[quote]thunderbolt23 wrote:
texasguy1 wrote:
yep. it was legal for a state to secede.
Again, nope.
and we are all pretty sharp cookies. pops is about as successful as grand dad as the vice president of sales and marketing for an international marketing firm. i’m on the way. I graduate college in december, i’ve been president of my school’s American Marketing Association going on three years now and was elected Vice President of communications before that. I’ve also participated in what Forbes has rated the highest paying business internship available where i worked 80 hrs per week for three and a half months. Have you ever done that? i doubt it.
I once took a marketing class. It was intellectually challenging. End sarcasm.
And you are president of your school’s marketing club? My God, man - is there a statue of you on campus yet?

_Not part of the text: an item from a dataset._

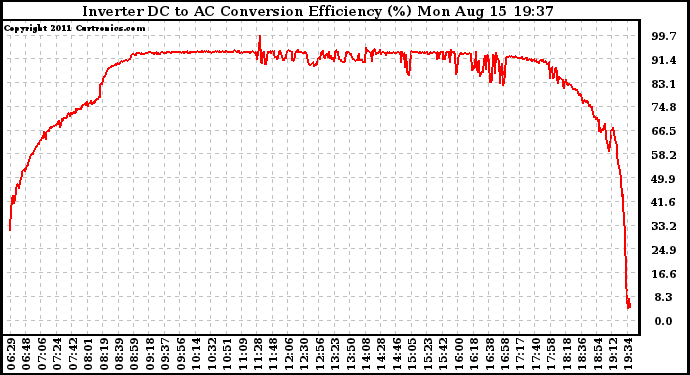 Solar PV/Inverter Performance Inverter DC to AC Conversion Efficiency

It does, however, sound like 2/3 of the above listed are sharp cookies.
any ways, i’m in prime position to negotiate my way in to a sweet job on the higher end of the entry level pay scale and have a heck of a network to boot. I am lucky to have a successful family for support though, you are right.

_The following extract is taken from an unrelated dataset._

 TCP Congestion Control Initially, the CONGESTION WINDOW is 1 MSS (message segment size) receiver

you can brush everything i just told you off if you like the idea of me being coddled though. i understand that viewing the situation accurately would negate your pathetic ammo.

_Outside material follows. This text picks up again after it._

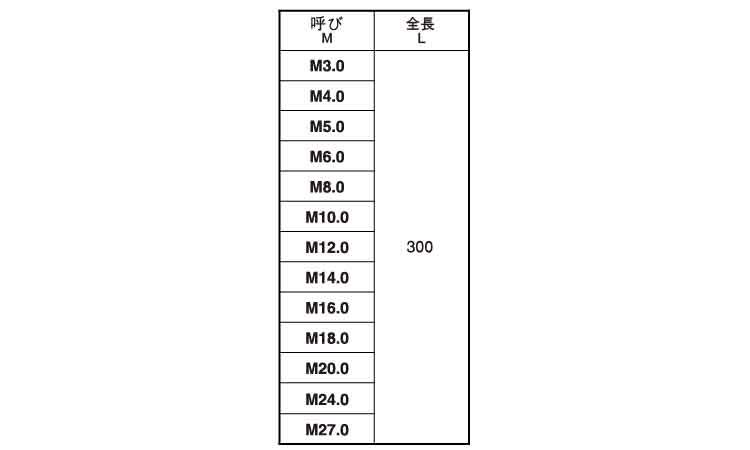 寸切（定尺・低カドミ規格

You already carry your scarlet letter around - and after showing your ass in other threads, it doesn’t do much to act proud about it now.
"A little-known fact of the Constitution is that two of the largest states – Virginia and New York – MADE THE RIGHT TO WITHDRAW from the union explicit in their acceptance of the Constitution. And in such an agreement between parties as is represented by the Constitution, A RIGHT CLAIMED BY ONE IS CLAIMED BY ALL.
The procedure of the articles of ratification of the Constitution in Virginia is described in depth, IN ORIGINAL DOCUMENTS, in “The Documentary History of the Ratification of the Constitution,” a wonderful work in progress from the State Historical Society of Wisconsin, volume X, p.1512 and after."
http://www.etymonline.com/cw/secession2.htm
Of course - well, maybe they don’t cover this in marketing - but an internet source doesn’t win or lose a debate.
And further to the point your internet site suggested - what a state reserves in its state constitution has to pass muster under the Supremacy Clause of the Federal Constitution the state just ratified. If there is a conflict between the two, the state provision yields.
And since the Supremacy Clause can’t be understood as permitting states to leave the Union once joined, any state laws in conflict lose.
As for states being able to reclaim lost powers, sure they can - it’s called a constitutional convention.
This topic isn’t worth yanking the thread off course for, but your puny statement need not go unaddressed.
I can find more sources if you’d like. Or you could do your own research.
Of course, because I haven’t done much on this topic at all. [/quote]
you can continue to brush anything you’d like off. what you think really doesn’t mean a thing. i live a better life than you, i’m on my way to being what i want to be and your opinion is your own. you can have it but it doesn’t bother me. sorry.
apparently you haven’t done much research. it’s historical fact. illegality of secession wasn’t made in to a law until after the civil war. The 14th amendment discusses it directly, and it wasn’t entered until after the Union won and decided to end all chance of losing part of the nation again. They made a law where there wasn’t one.
study up and try to put your bitterness aside. it bothers you more than me and by taking a thread off topic to bring up another thread you didn’t like shows that you are wearing your bitterness on your sleeve.
If my scarlet letter is symbolic of having a successful family, being successful myself in virtually all endeavours so far and continuing to so, i’ll proudly wear it. there is no shame if that is what you are contending.